The night city in “Varick Street” is mechanical and thwarts any natural processes. Even the faint light becomes “dirty” as it is compared to “some captured iceberg/being prevented from melting.” There is no natural moonlight, but instead “mechanical moons,” controlled by man. The final stanza of the poem completes the utter industrialization of the city. In an echo of Shakespeare’s “If music be the food of love, play on,” Bishop echoes: “Lights music of love/work on,” employing even the lights and music that should joyously encourage love. The mechanical world of New York City traps the lovers.

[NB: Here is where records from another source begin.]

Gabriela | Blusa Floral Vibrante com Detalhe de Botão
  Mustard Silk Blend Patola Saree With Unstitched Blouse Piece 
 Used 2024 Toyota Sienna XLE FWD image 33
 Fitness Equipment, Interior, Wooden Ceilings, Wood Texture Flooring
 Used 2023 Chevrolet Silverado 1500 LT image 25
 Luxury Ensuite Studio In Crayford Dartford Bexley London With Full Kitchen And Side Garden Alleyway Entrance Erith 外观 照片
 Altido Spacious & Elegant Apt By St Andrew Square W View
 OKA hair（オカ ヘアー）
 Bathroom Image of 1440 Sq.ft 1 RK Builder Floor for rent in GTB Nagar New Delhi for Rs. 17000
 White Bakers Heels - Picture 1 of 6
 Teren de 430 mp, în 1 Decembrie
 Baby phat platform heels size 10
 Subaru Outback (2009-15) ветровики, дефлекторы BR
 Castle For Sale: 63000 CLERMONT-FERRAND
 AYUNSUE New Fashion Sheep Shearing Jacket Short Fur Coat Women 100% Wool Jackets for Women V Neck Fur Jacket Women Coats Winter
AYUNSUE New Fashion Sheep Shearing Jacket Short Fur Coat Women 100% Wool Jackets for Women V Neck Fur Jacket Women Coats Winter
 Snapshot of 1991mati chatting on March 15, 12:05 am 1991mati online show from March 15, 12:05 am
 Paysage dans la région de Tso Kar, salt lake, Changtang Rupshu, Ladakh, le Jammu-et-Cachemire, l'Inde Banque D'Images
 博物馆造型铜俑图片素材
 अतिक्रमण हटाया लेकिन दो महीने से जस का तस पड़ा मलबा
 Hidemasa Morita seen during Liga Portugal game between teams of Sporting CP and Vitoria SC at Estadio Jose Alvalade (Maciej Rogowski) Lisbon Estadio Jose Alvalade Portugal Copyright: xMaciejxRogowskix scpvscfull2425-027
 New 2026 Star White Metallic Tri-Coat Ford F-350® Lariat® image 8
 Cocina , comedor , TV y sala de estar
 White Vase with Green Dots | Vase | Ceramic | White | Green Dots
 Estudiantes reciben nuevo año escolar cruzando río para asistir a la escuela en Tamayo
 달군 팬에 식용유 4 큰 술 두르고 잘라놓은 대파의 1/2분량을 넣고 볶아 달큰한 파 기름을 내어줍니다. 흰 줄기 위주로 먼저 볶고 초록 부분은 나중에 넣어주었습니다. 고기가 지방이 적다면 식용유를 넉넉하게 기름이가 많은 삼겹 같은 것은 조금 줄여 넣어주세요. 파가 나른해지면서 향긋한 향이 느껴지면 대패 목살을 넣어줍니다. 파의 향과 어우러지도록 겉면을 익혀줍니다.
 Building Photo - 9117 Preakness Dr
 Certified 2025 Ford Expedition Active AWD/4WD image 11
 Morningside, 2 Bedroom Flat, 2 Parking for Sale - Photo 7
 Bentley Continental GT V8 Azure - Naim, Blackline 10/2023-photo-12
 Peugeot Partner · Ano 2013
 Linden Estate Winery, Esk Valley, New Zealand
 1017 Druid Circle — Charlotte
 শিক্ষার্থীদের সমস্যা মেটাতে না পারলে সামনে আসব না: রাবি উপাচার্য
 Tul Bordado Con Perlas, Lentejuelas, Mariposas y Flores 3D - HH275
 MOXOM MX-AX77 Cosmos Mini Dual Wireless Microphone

While the Man-Moth and the lover in “Love Lies Sleeping” appear alienated and alone, the speaker of “Varick Street” lies next to her beloved; however, this relationship is doomed repeatedly in the inauspicious refrain: “And I shall sell you sell you/sell you of course, my dear, and you’ll sell me.” In the New York setting, the speaker and her “dear” are trapped in a relationship of consumerism in which they will inevitably sell each other off. Amid the grotesque, nightmarish setting of industrial New York, they cannot remain uncorrupted and loyal. Their bed may “[shrink] from the soot,” but they cannot escape the “hapless odors” that seduce and embrace them, ultimately tearing the lovers apart. In this dismal poem, Bishop reveals that even once one has found love, it cannot shelter one against the threats of the city.